WASHINGTON (CNN) -- After discussing the Iraqi regime earlier in the week with Democratic and Republican members of Congress, President Bush predicted Saturday that "soon, we will speak with one voice."

Congress is working on a resolution authorizing the use of force, "if necessary, to defend our national security interests against the threat posed by [Iraqi President] Saddam Hussein," Bush said in his weekly radio address.

Passage of the resolution "will send a clear message to the world community and to the Iraqi regime the demands of the United Nations Security Council must be followed; the Iraqi dictator must be disarmed," Bush said. "These requirements will be met, or they will be enforced."
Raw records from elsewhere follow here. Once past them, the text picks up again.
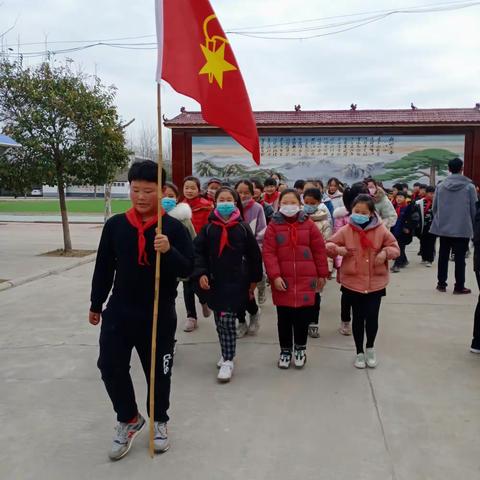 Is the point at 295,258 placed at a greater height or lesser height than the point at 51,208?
greater

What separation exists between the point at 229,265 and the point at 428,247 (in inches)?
276

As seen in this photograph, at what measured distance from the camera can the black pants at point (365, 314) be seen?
422cm

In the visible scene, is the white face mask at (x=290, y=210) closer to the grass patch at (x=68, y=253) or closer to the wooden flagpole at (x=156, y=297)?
the wooden flagpole at (x=156, y=297)

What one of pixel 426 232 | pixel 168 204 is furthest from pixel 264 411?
pixel 426 232

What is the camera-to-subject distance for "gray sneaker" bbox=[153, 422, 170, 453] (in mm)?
2932

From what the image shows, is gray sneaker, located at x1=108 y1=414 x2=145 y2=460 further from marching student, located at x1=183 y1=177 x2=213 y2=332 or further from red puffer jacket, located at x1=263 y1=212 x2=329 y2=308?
marching student, located at x1=183 y1=177 x2=213 y2=332

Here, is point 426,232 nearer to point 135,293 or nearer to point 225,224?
point 225,224

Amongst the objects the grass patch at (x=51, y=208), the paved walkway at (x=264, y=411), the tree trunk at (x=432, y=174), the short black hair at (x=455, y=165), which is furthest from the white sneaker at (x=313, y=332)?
the grass patch at (x=51, y=208)

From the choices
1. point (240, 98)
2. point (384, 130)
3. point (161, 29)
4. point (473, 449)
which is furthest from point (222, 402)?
point (384, 130)

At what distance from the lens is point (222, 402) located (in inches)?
143

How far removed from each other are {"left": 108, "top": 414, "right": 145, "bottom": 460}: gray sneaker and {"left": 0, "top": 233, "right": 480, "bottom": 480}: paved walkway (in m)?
0.05

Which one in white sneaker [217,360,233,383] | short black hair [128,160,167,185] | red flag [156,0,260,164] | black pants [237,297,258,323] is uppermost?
red flag [156,0,260,164]

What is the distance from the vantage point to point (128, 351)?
2.92 meters

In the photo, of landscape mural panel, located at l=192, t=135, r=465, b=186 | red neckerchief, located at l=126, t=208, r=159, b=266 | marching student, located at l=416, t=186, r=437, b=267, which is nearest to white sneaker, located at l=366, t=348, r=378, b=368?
red neckerchief, located at l=126, t=208, r=159, b=266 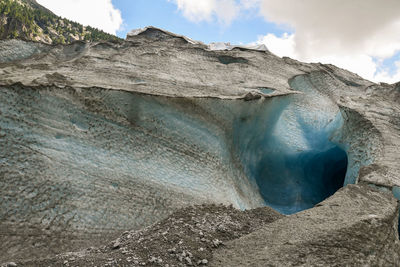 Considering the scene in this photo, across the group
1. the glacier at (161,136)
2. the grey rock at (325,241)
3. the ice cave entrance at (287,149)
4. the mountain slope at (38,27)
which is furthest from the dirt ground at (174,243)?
the mountain slope at (38,27)

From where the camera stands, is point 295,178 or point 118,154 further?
point 295,178

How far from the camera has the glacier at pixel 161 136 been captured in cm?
294

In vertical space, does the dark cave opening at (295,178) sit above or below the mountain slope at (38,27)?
below

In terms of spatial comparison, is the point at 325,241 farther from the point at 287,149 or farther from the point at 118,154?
the point at 287,149

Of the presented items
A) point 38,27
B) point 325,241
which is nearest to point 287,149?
point 325,241

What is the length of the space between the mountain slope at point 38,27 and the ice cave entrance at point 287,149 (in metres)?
33.5

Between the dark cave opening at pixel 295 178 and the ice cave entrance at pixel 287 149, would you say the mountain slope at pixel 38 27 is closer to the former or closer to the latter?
the ice cave entrance at pixel 287 149

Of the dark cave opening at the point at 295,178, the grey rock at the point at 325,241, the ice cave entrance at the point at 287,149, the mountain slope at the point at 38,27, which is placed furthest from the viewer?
the mountain slope at the point at 38,27

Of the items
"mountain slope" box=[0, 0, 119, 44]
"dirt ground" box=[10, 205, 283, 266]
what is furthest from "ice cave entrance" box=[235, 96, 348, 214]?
"mountain slope" box=[0, 0, 119, 44]

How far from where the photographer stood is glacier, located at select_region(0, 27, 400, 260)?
2943 mm

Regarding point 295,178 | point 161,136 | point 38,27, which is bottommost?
point 295,178

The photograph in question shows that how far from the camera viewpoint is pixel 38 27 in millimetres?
50531

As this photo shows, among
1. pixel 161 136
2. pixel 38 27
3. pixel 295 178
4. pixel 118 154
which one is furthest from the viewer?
pixel 38 27

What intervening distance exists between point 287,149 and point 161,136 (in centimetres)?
305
Bush has accused Iraq of ignoring U.N. Security Council resolutions approved in the wake of Baghdad's loss in the 1991 Persian Gulf War, including a promise to destroy all its weapons of mass destruction -- biological, chemical or nuclear. Iraq has repeatedly denied possessing any such weapons.

The president said the danger posed to the United States by Iraq is grave and growing. "The regime has long-standing and continuing ties to terrorist groups, and there are al Qaeda terrorists inside Iraq. This regime is seeking a nuclear bomb, and with fissile material could build one within a year."

Critics point to al Qaeda in other countries

Critics of Bush point out that al Qaeda terrorists are also in other countries, including Afghanistan and Pakistan, and that they have seen no proof that Saddam has been amassing weapons of mass destruction or given them to terrorists.

Administration officials have said they cannot proffer such proof because doing so would endanger the sources of information.

Though observers predict Bush has enough votes in Congress to pass a resolution authorizing the use of force against Iraq, a number of Democrats oppose such a move. Sen. Edward Kennedy, D-Massachusetts, argued Friday that Bush has not made a persuasive case for military intervention in Iraq. (Full story)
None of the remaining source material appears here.